Real estate companies in India are required to apply revenue recognition in real estate under Ind AS 115 for all customer contracts. This includes insurance contracts, leases, and other contractual obligations. Following are the steps for revenue recognition under Ind AS 115:

  1. Identify the contract with the customer - which is the enforceable obligations and rights between the company and the customer.
  2. Identify the contractual performance obligations - or the promise made by real estate companies to perform the obligation to deliver the unit.
  3. Calculate the transaction price - or sale price of the unit transferred to the customer minus GST and other taxes.
  4. Transaction price is allocated to the performance obligations - such as brokerage which is an example of incremental costs incurred to obtain the contract.
  5. Recognise revenue when performance obligations are satisfied - or when the unit is handed over to the customer.

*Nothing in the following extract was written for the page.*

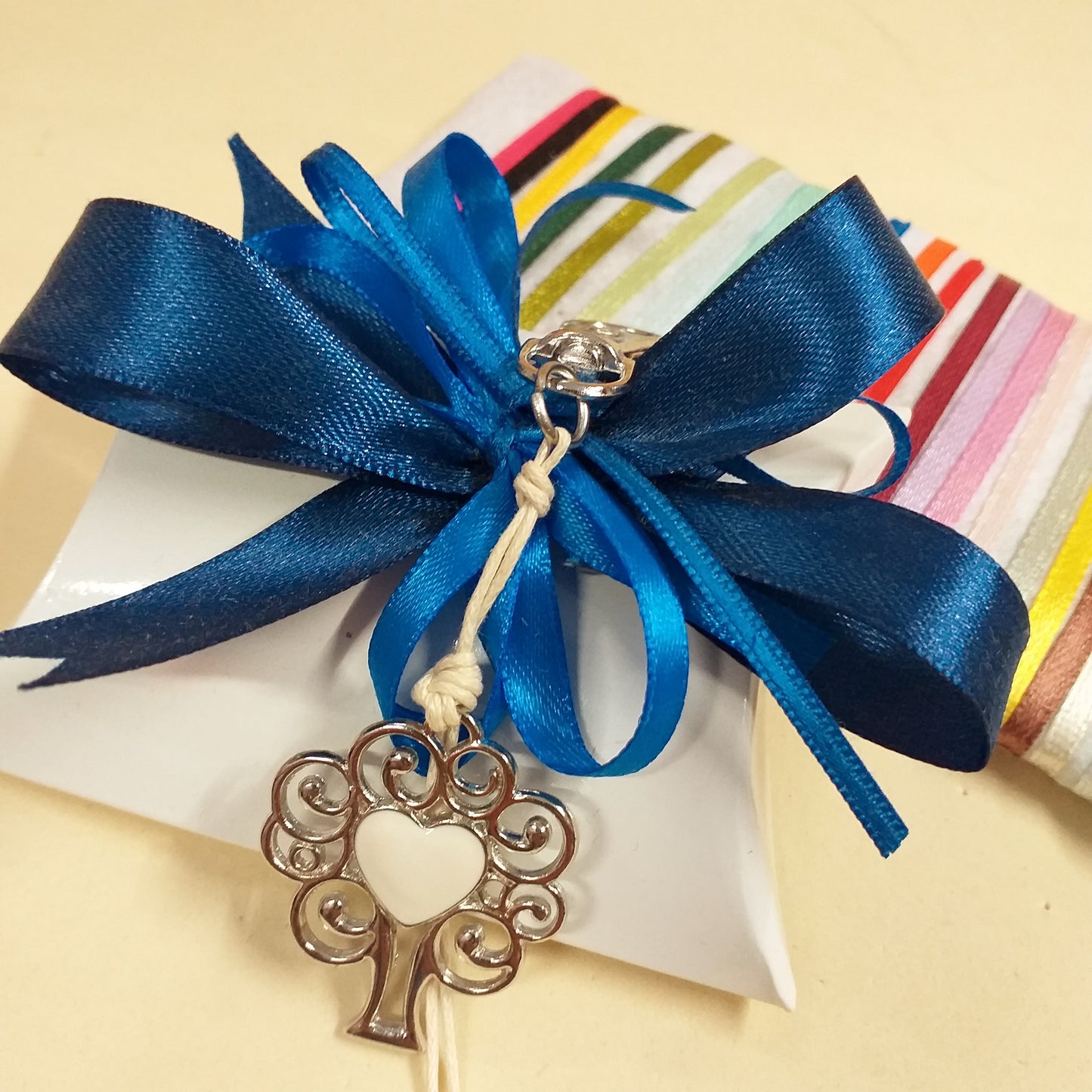 blu e bluette segnaposto bomboniera bustina portaconfetti bianca confezionata confetti portachiavi cuore smaltato con ciondolo metallo albero della vita moschettone cordino cerato colori dei nastri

Applicability of Ind AS 115 - Practical Examples

Selling Under-construction Property: The performance obligation of the developer is fulfilled only when the completed property is handed over to the buyer. Partial construction milestones, such as slab completion, do not satisfy the contractual obligation under Ind as 115 revenue recognition principles.

Agreement for Joint Development: Landowner A engages Company B to develop apartments on owned land, A is treated as a customer only if apartments are transferred in exchange for development rights. In such cases, revenue is recognised when apartments are handed over. However, if A receives only a fixed share of sales proceeds, A is not considered a customer, and Ind as 1154 does not apply to the arrangement.

Ind AS 115 Applicability Vs Guidance Note

Ind AS 115 mandates revenue recognition upon completion of contractual obligations, whereas the Guidance Note on Accounting for Real Estate Transactions recommends the percentage completion method. To avoid disputes related to real estate taxation in India, developers often maintain dual accounting records—one aligned with Indian accounting standards under Ind AS 115 and another following the Guidance Note for income tax computation.

Overall, Ind as 115 real estate provisions establish clear and consistent accounting standards for recognising revenue from property sales, improving transparency and compliance across the real estate sector.

Frequently Asked Questions

From when should real estate companies follow Ind AS 115?

Ans. Ind AS 115 is applicable from 1st April 2018 to real estate companies selling commercial or residential units.

What is POCM?

Ans. Percentage of Completion Method considers revenue as a percentage of a completed contract.